[RECORDS TO PROCESS]

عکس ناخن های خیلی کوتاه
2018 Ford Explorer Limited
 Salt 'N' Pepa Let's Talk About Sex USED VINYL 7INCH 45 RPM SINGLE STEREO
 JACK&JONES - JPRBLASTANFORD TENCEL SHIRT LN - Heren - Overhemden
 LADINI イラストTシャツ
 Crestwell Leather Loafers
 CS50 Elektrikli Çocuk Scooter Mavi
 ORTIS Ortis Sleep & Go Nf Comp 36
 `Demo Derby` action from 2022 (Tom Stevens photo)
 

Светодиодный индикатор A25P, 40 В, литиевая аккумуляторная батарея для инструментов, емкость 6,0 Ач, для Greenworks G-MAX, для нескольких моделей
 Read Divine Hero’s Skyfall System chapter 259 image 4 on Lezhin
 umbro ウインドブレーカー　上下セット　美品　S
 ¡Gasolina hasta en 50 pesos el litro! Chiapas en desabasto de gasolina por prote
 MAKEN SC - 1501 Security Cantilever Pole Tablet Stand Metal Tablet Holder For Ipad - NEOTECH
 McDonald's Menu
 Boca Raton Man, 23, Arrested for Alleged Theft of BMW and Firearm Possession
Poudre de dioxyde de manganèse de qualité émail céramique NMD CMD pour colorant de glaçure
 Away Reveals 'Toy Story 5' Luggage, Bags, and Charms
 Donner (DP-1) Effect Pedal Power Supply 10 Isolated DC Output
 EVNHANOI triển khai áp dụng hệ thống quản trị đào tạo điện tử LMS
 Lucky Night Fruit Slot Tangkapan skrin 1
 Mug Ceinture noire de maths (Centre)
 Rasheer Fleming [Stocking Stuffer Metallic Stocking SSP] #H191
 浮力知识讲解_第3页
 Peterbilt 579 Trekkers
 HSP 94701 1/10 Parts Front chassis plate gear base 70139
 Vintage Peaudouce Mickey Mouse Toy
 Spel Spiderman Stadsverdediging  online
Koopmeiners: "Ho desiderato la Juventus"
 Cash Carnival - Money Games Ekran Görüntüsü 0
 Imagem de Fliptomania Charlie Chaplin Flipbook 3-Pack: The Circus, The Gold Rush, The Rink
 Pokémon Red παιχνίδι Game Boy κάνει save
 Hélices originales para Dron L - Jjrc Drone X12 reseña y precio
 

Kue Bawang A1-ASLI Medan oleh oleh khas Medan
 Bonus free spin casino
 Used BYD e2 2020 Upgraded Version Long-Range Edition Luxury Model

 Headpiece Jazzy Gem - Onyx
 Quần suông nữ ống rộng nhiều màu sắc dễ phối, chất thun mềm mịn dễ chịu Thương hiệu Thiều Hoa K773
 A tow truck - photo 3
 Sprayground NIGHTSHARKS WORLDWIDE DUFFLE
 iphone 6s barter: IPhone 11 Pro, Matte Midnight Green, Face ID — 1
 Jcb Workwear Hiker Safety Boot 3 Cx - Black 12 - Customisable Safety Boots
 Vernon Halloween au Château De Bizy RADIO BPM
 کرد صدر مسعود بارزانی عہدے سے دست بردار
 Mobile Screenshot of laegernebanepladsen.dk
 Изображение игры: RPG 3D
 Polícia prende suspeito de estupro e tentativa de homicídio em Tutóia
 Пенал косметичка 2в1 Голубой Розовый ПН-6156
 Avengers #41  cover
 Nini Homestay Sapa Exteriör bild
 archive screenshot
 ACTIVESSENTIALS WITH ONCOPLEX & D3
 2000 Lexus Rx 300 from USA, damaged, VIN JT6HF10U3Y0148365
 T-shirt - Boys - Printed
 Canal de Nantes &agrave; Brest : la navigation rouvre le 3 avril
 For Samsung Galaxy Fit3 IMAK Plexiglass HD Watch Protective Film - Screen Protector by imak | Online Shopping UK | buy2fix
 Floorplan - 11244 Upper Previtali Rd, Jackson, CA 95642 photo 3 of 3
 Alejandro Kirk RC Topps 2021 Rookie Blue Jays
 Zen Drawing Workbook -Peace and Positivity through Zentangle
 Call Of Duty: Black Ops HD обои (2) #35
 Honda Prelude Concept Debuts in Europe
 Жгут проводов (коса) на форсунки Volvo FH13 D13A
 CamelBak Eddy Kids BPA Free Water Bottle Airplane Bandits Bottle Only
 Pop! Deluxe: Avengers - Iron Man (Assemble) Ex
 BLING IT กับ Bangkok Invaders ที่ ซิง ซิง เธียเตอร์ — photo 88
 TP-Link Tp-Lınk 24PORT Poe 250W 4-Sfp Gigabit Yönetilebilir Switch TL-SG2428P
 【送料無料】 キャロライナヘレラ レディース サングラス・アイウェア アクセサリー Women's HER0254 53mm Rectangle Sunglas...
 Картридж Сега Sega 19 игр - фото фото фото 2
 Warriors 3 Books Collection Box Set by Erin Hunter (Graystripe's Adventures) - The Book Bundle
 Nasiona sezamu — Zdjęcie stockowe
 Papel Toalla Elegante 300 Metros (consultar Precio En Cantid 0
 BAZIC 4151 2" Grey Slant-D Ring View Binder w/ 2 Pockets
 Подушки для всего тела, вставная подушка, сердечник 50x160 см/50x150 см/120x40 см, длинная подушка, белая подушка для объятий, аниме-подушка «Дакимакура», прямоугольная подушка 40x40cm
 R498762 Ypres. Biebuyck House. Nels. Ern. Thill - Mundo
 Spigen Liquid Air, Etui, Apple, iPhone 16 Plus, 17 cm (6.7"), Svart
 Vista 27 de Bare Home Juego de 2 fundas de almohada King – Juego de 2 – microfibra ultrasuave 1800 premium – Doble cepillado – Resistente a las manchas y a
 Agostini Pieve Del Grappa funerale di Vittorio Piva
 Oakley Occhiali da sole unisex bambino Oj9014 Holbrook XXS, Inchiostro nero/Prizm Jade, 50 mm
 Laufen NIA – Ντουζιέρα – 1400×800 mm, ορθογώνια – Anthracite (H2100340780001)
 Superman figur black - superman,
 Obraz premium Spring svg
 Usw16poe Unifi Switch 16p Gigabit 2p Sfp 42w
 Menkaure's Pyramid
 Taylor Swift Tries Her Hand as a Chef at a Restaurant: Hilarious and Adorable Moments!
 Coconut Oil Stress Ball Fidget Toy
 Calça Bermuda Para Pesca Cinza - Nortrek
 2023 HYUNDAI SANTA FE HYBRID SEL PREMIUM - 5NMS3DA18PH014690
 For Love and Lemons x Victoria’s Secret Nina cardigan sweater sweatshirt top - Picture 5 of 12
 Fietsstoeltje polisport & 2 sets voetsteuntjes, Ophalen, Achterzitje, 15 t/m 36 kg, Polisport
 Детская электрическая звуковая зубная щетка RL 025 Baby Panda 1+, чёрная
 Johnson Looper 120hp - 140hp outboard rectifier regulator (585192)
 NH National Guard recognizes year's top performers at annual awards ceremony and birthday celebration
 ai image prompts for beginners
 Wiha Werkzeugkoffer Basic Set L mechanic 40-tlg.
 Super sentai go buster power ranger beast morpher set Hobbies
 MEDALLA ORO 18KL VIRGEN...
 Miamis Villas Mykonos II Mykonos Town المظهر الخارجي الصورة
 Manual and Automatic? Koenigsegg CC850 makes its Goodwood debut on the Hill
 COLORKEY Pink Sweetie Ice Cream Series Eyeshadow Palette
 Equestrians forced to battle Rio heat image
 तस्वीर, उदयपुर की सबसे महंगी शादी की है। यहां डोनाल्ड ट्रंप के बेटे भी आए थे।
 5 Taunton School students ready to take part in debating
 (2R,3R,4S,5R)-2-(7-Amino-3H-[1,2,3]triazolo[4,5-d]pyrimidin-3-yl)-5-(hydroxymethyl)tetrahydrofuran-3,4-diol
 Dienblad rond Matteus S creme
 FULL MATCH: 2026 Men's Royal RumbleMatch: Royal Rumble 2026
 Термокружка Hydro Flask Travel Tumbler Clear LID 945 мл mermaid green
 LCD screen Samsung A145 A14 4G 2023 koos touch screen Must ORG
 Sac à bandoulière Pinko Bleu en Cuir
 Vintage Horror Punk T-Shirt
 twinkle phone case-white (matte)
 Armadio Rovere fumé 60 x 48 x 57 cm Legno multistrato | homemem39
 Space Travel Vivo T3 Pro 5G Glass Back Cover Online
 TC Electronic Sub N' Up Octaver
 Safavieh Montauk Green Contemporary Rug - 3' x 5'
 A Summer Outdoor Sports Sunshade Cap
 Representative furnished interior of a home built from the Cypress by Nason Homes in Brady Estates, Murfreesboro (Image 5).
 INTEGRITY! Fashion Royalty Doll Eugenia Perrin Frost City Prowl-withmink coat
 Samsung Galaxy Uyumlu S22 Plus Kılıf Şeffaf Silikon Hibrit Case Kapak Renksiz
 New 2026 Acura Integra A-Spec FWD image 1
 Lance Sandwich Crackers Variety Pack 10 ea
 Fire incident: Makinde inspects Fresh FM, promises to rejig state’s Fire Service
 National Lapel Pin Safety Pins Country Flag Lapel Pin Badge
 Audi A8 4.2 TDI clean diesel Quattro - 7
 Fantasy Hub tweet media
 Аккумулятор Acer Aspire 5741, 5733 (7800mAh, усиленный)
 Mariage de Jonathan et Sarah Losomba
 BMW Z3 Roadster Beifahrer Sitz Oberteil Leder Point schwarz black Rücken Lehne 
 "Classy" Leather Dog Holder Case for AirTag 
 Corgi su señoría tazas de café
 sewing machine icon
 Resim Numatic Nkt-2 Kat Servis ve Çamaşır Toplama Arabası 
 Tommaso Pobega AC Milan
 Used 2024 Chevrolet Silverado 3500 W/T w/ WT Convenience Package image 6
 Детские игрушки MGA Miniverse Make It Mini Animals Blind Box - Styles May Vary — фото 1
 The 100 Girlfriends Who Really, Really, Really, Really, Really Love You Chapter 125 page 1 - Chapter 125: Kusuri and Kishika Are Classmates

[/RECORDS TO PROCESS]

:: EXERCISE DIRECTIONS ::
All that is wanted is the stretch of lines above from the one containing "Fietsstoeltje polisport &" through the one containing "Miamis Villas Mykonos", duplicated exactly.

:: WORKED SOLUTION ::
 Fietsstoeltje polisport & 2 sets voetsteuntjes, Ophalen, Achterzitje, 15 t/m 36 kg, Polisport
 Детская электрическая звуковая зубная щетка RL 025 Baby Panda 1+, чёрная
 Johnson Looper 120hp - 140hp outboard rectifier regulator (585192)
 NH National Guard recognizes year's top performers at annual awards ceremony and birthday celebration
 ai image prompts for beginners
 Wiha Werkzeugkoffer Basic Set L mechanic 40-tlg.
 Super sentai go buster power ranger beast morpher set Hobbies
 MEDALLA ORO 18KL VIRGEN...
 Miamis Villas Mykonos II Mykonos Town المظهر الخارجي الصورة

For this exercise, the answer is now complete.